So at 9 years old, Rehov, his mother, and younger brother left Algeria

to join his father already in France, all hoping for a better and

calmer life. But the French refugees were hardly met with open arms by

the native French who displayed great antipathy toward the influx of

Algerian immigrants. "It was ironic that we were kicked out of Algeria

by the Muslims because we were French, yet we were treated so poorly by

the French themselves."

 

"In those days nobody said 'Palestinians,'" Rehov recalls. "They were

called 'Arabs.' They only later became "Palestinians" as a political

ploy against Israel." He remembers telling the story of Napoleon who,

upon passing a synagogue during the Ninth of Av (a day of mourning),

looked inside and saw Jews sitting on the floor and weeping. When he

inquired further, he was told the Jews were mourning over the

destruction of their Holy Temple. "How long ago did this occur?"

Napoleon asked. "About 1,500 years ago," he was told. "In that case

there is no doubt that their Temple will be rebuilt," Napoleon said. "A

people capable of crying for so long over its destroyed temple and land

will eventually find its way home."

 

Rehov feels that Jews have cried long enough, and now that they have

their homeland once again they must do whatever it takes to protect it.

"I believe that Israel is the miracle of the 20th century," Rehov says.

"It is also the result of the worse injustice that has ever been

visited upon a people. No other people but the Jews have been

exterminated, non-stop, for 20 centuries." He cautions fellow Jews by

reminding them how 470,000 Jews were deported from the Warsaw Ghetto

before the remaining the 30,000 realized what was happening and decided

to put up a resistance. "How many Jews are going to be killed before we

wake up and decide to fight back?" Rehov questions passionately. "I

don't want to be among the last 30,000 to start fighting. I'm starting

to fight right now."

 

And so after the shooting of Mohamed al-Dura and the antisemitic

rallies that ensued, Pierre Rehov took his fight off the streets of

Paris to the courts of France. He rallied Jewish organizations in

France to join him in a lawsuit against the French government for its

defamation of the State of Israel. Rehov, who also holds an Israeli

passport, was then off to the Holy Land to investigate the circumstance

surrounding the tragic, yet suspicious death of al-Dura. His own

research, an IDF investigation, and the sources he interviewed,

revealed that the trajectory of Israeli gunfire and the position of the

bullet holes were inconsistent. Other inconsistencies were enumerated

as well. Al-Dura was buried before any autopsy could be performed.

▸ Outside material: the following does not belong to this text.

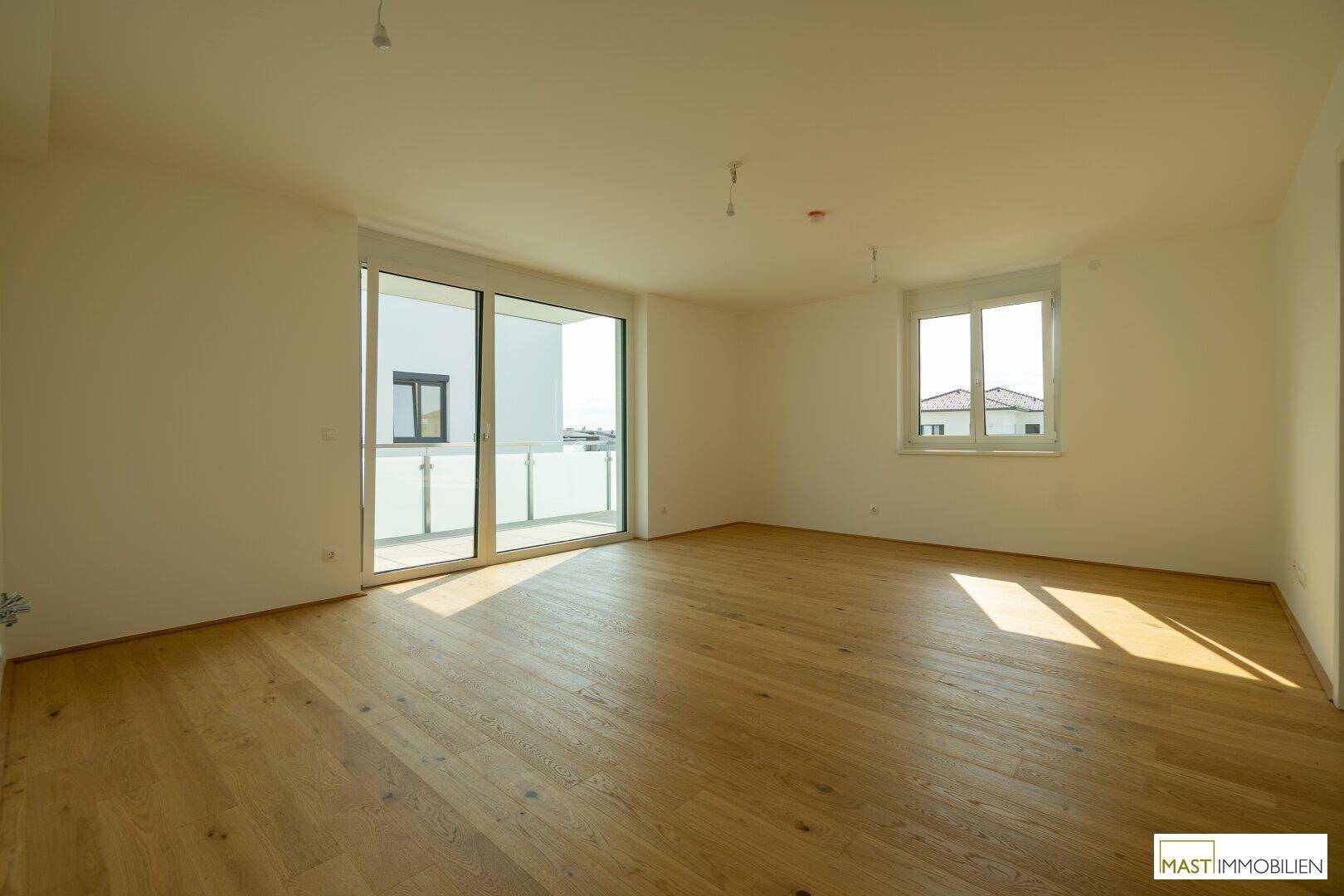 Geräumiger, heller Raum mit Eichenparkett und Zugang zu einem Balkon durch eine große Glasschiebetür.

Rehov's investigations, however, had satisfied his suspicion that it

was the Palestinians themselves who killed al-Dura for propaganda

purposes. "It is not so hard to believe from some of these extremists

who indoctrinate their children to be martyrs and suicide bombers," he

says. When Rehov returned to France, he found out that the defamation

case had been dismissed after only six weeks, with no explanation.

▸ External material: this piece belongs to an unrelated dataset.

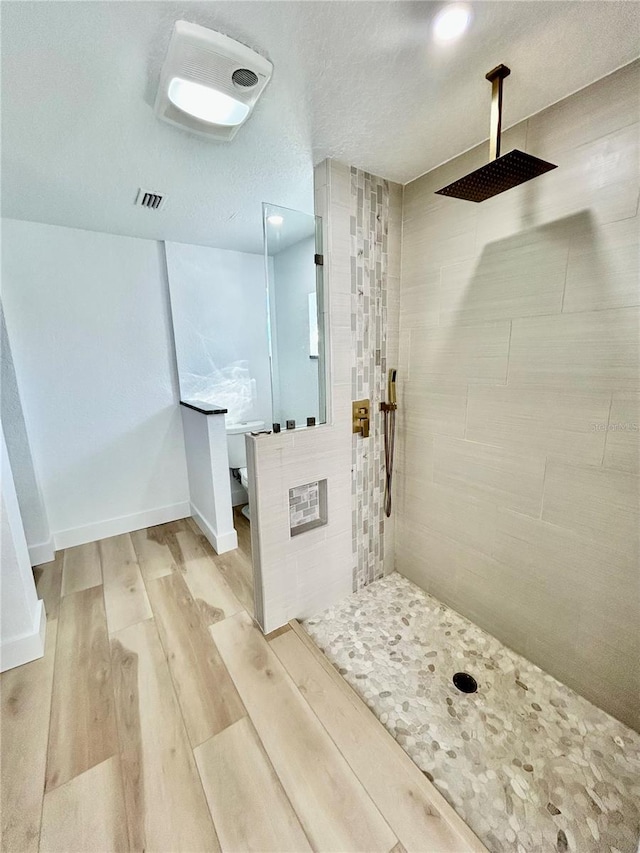 bathroom featuring wood-type flooring, tiled shower, and a textured ceiling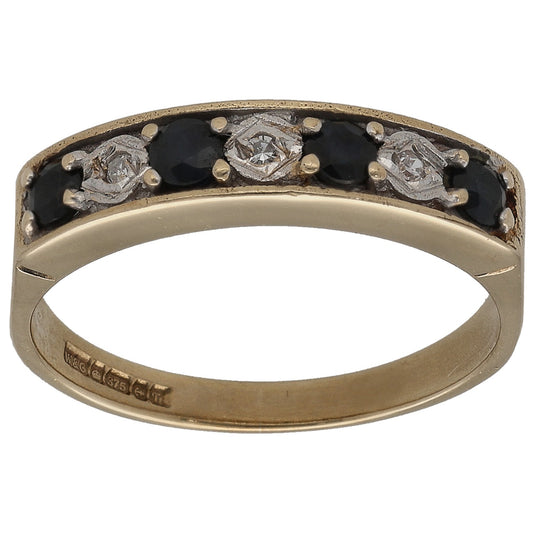 9ct gold half eternity ring with dark sapphire and round diamond accents, front view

Rehov says it usually takes two years for a case to be dismissed in

France.

 

But Rehov's resolve could not be dismissed. With his French passport,

Arabic features, and a digital recorder, he went into the territories

(which are forbidden to Israeli citizens) posing as a French tourist

and began an undercover investigation of what is really going on behind

the scenes. He has thus far produced six documentaries from the

"tourist attractions" he visited in the territories: A War of Images,

which reveals shocking images of incitement displayed on Yasser

Arafat's Palestinian Television network; The Trojan Horse, which

betrays Arafat's true intentions and shows rare footage of Palestinian

leaders advocating the eradication of the Jewish state and the

extermination of the Jewish people, and his film The Holy Land:

Christians in Peril, which exposes the true story behind the Church of

Nativity confrontation and reveals the dangers for Christians living

under Islamic rule, he then filmed The Road to Jenin, that shows there

was no massacre in Jenin, as some Palestinians claimed. Silent Exodus,

which tells the little known story of the plight of the million Jews

who had to leave the Muslim countries their families had lived in for

centuries. Hostages of Hatred, that gives all the real data about the

Palestinian refugees, a question that is not as well known as it might

be imagined.

 

On July 15, MSNBC's "Connected" program discussed the July 7th London

attacks.

 

One of the guests was Pierre Rehov, a French filmmaker who has filmed

six documentaries on the intifada by going undercover in the

Palestinian areas. Pierre 's upcoming film, "Suicide Killers," is

based on interviews that he conducted with the families of suicide

bombers and would-be bombers in an attempt to find out why they do it.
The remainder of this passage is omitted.